Nowy skład biegłych oceni, co było przyczyną śmierci chorującego na schizofrenię 34-latka z Białegostoku - zdecydowała olsztyńska prokuratura, która bada sprawę. Mężczyzna zmarł po policyjnej interwencji, podczas której użyto wobec niego siły i gazu.

To zespół biegłych z katedry medycyny sądowej Uniwersytetu Medycznego w Łodzi - poinformował w piątek PAP rzecznik olsztyńskiej prokuratury Krzysztof Stodolny. Opinia ma być gotowa na początku przyszłego roku; biegli dali na jej wykonanie 5-miesięczny termin.

Prokuratura wyjaśnia, czy podczas interwencji, która miała miejsce 7 kwietnia na osiedlu komunalnym w Białymstoku, doszło do przekroczenia uprawnień przez policjantów i czy ma to związek ze śmiercią mężczyzny, którego próbowali wyprowadzić z mieszkania.

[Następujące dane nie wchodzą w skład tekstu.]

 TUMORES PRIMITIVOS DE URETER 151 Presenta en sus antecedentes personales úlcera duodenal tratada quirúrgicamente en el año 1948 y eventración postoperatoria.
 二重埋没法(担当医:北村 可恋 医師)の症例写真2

Zdarzenie rozpoczęło się od wezwania karetki pogotowia przez konkubinę 34-letniego, cierpiącego na schizofrenię mężczyzny. Załoga karetki oceniła, iż jest on pod wpływem alkoholu i w tym stanie nie może trafić do szpitala. Wezwana została policja, by go przewieźć na izbę wytrzeźwień. Funkcjonariusze uznali jednak, że mężczyzna nie jest pijany; podjęta została decyzja, by go jednak odwieźć do szpitala. Ponieważ nie chciał dobrowolnie wyjść z mieszkania i zaczął stawiać opór, na balkonie doszło do szarpaniny, funkcjonariusze użyli siły i gazu. Wtedy mężczyzna stracił przytomność. Podjęto reanimację. Według relacji policji, 34-latek odzyskał oddech i trafił do szpitala. Tam kilka dni później zmarł.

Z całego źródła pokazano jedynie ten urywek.